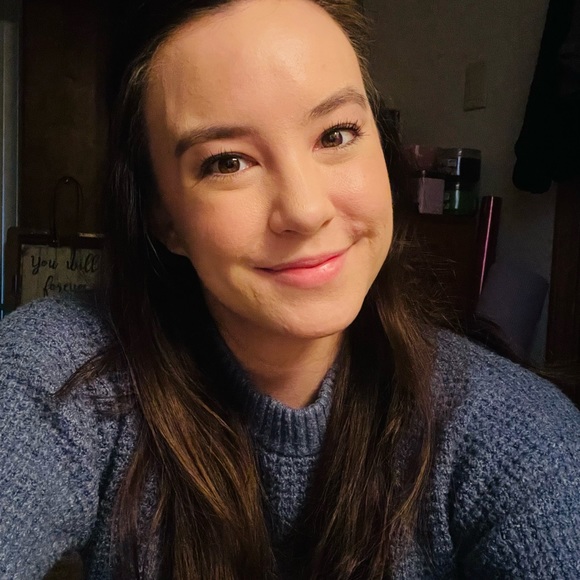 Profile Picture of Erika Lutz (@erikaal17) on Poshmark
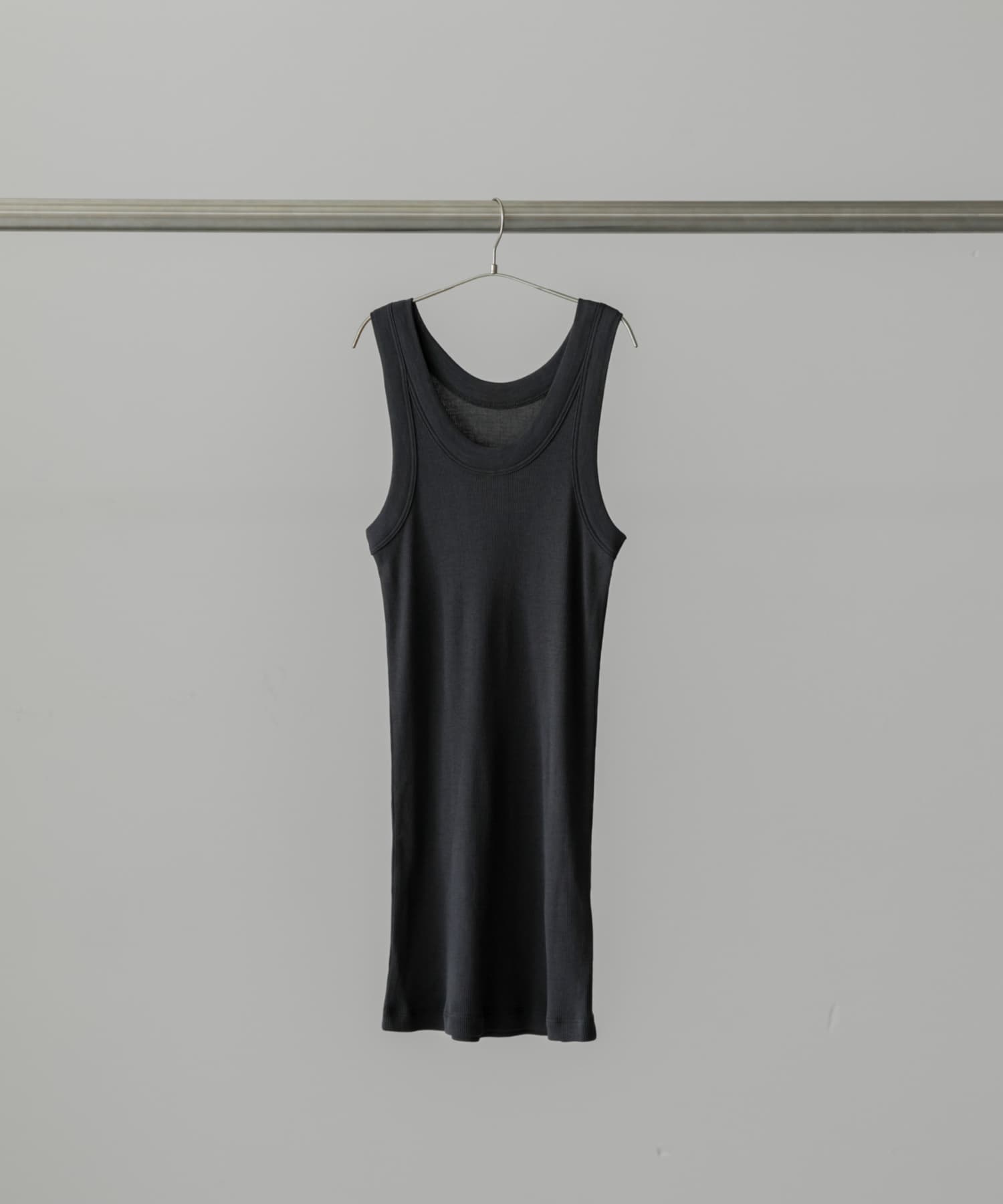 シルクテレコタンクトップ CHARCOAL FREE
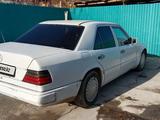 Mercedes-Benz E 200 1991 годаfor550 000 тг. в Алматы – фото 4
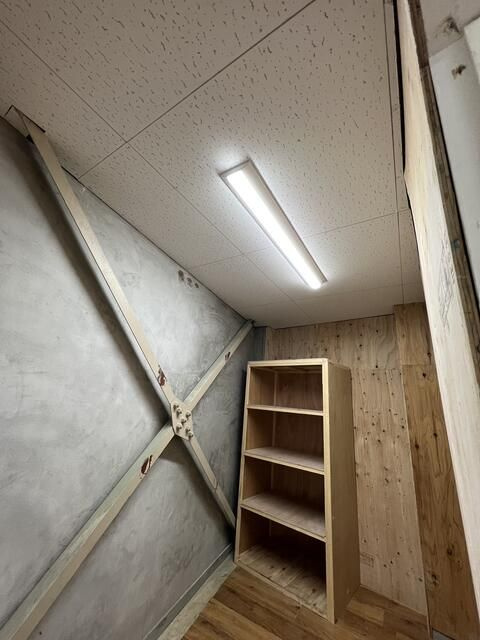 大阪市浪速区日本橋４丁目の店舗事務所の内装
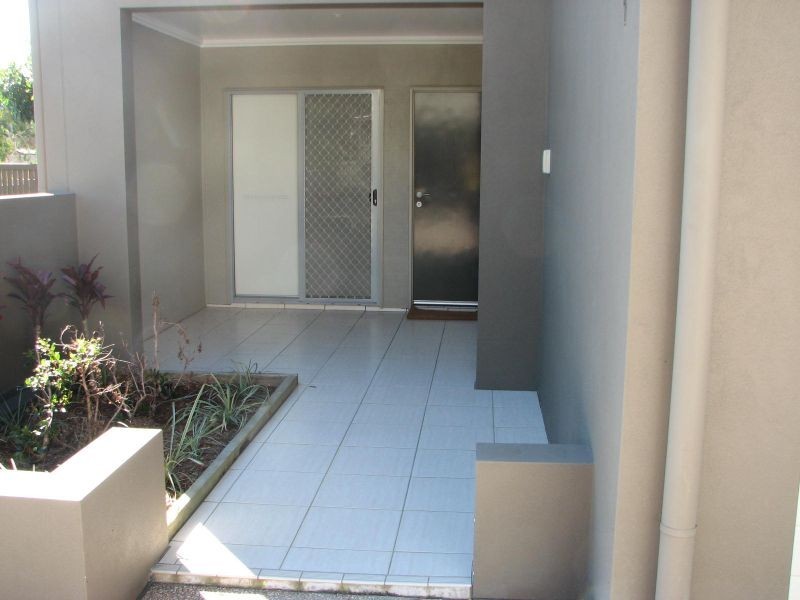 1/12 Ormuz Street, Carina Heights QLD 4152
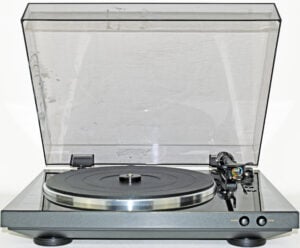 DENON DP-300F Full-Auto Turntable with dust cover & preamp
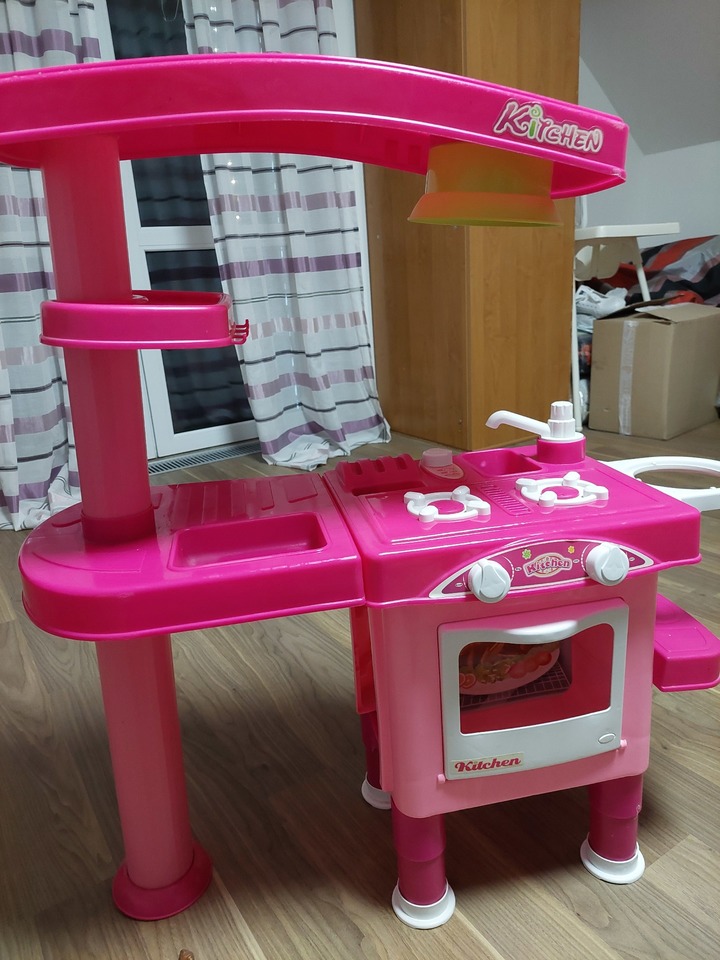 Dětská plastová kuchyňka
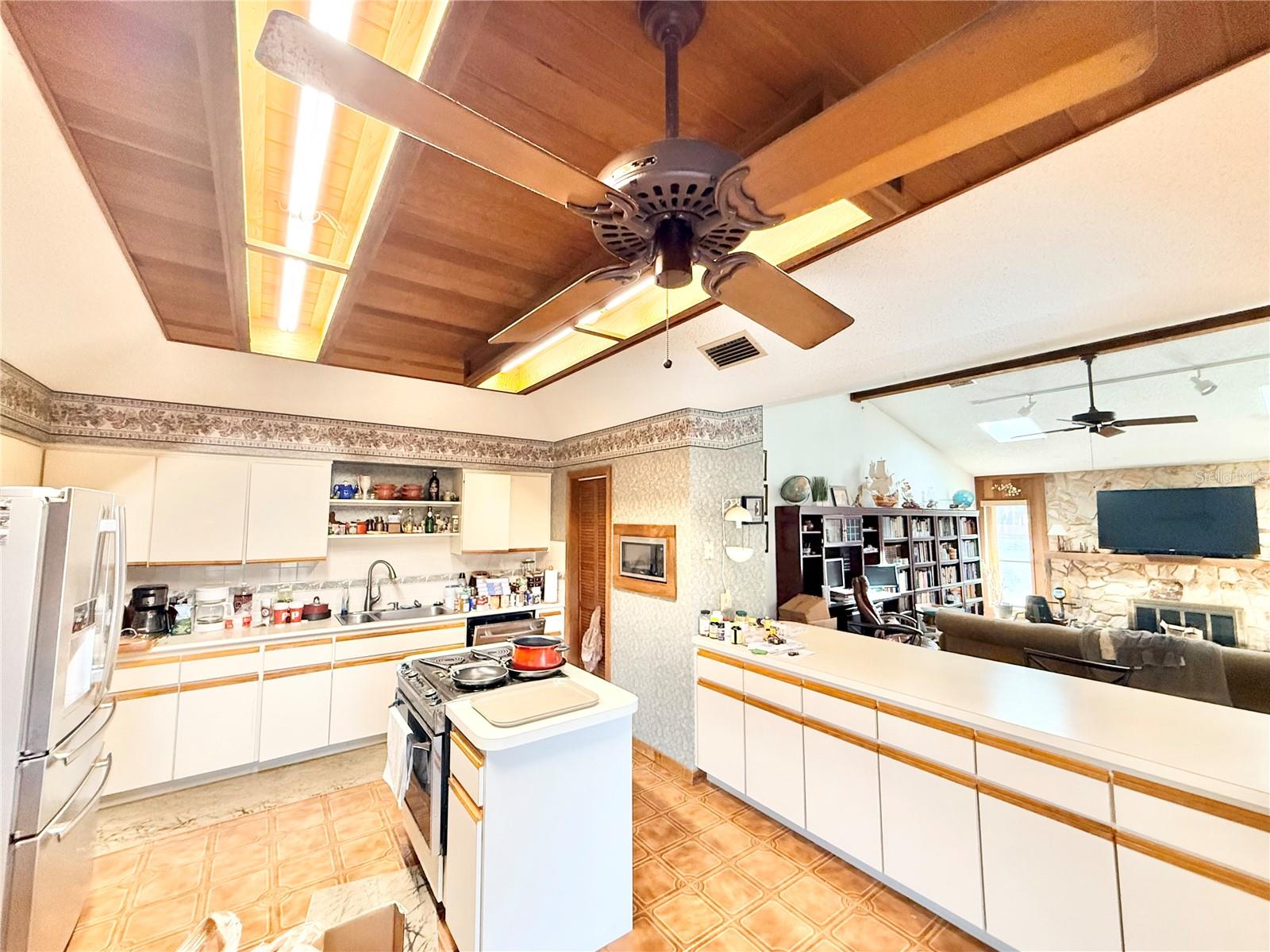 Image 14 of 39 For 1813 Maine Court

**Exercise requirements**: From the line with "Dětská plastová kuchyňka" through the final line of the data above, copy everything exactly, both ends included, but not the pictures.

**Response to this task**:
 Dětská plastová kuchyňka
 Image 14 of 39 For 1813 Maine Court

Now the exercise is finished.